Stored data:

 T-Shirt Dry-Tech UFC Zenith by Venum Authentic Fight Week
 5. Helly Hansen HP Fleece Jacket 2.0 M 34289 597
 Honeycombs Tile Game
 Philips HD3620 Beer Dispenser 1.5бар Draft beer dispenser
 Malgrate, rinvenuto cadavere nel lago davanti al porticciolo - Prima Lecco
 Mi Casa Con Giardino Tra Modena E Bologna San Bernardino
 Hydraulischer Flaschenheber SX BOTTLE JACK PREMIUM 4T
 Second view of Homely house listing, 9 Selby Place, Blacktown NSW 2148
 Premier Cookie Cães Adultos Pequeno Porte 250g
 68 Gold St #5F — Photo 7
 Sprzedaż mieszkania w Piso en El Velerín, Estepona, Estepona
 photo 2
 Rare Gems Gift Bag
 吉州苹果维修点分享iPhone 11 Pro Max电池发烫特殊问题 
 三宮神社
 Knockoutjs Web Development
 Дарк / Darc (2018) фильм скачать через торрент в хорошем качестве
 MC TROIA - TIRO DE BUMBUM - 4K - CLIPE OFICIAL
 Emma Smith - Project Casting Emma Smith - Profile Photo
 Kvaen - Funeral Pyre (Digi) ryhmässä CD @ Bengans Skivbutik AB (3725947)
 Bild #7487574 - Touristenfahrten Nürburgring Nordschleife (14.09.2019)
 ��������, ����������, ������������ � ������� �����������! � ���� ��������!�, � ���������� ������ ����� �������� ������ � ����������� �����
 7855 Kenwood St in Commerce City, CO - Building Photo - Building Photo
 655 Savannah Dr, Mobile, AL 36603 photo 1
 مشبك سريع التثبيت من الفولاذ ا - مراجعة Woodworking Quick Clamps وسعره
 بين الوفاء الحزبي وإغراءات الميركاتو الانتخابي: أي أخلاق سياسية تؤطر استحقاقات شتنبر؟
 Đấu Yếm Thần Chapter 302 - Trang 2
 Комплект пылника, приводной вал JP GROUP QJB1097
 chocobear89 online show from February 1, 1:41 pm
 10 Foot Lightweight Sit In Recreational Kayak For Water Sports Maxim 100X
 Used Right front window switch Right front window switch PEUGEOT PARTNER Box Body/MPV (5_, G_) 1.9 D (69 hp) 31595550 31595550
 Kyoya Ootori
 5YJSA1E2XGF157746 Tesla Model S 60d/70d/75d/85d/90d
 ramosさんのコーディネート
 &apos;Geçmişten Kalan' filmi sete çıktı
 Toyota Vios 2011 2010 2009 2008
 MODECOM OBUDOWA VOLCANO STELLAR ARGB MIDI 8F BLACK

Exercise instructions: The answer must consist solely of the lines from the first line of the data to the line holding "مشبك سريع التثبيت", each given again exactly.

Solution below:
 T-Shirt Dry-Tech UFC Zenith by Venum Authentic Fight Week
 5. Helly Hansen HP Fleece Jacket 2.0 M 34289 597
 Honeycombs Tile Game
 Philips HD3620 Beer Dispenser 1.5бар Draft beer dispenser
 Malgrate, rinvenuto cadavere nel lago davanti al porticciolo - Prima Lecco
 Mi Casa Con Giardino Tra Modena E Bologna San Bernardino
 Hydraulischer Flaschenheber SX BOTTLE JACK PREMIUM 4T
 Second view of Homely house listing, 9 Selby Place, Blacktown NSW 2148
 Premier Cookie Cães Adultos Pequeno Porte 250g
 68 Gold St #5F — Photo 7
 Sprzedaż mieszkania w Piso en El Velerín, Estepona, Estepona
 photo 2
 Rare Gems Gift Bag
 吉州苹果维修点分享iPhone 11 Pro Max电池发烫特殊问题 
 三宮神社
 Knockoutjs Web Development
 Дарк / Darc (2018) фильм скачать через торрент в хорошем качестве
 MC TROIA - TIRO DE BUMBUM - 4K - CLIPE OFICIAL
 Emma Smith - Project Casting Emma Smith - Profile Photo
 Kvaen - Funeral Pyre (Digi) ryhmässä CD @ Bengans Skivbutik AB (3725947)
 Bild #7487574 - Touristenfahrten Nürburgring Nordschleife (14.09.2019)
 ��������, ����������, ������������ � ������� �����������! � ���� ��������!�, � ���������� ������ ����� �������� ������ � ����������� �����
 7855 Kenwood St in Commerce City, CO - Building Photo - Building Photo
 655 Savannah Dr, Mobile, AL 36603 photo 1
 مشبك سريع التثبيت من الفولاذ ا - مراجعة Woodworking Quick Clamps وسعره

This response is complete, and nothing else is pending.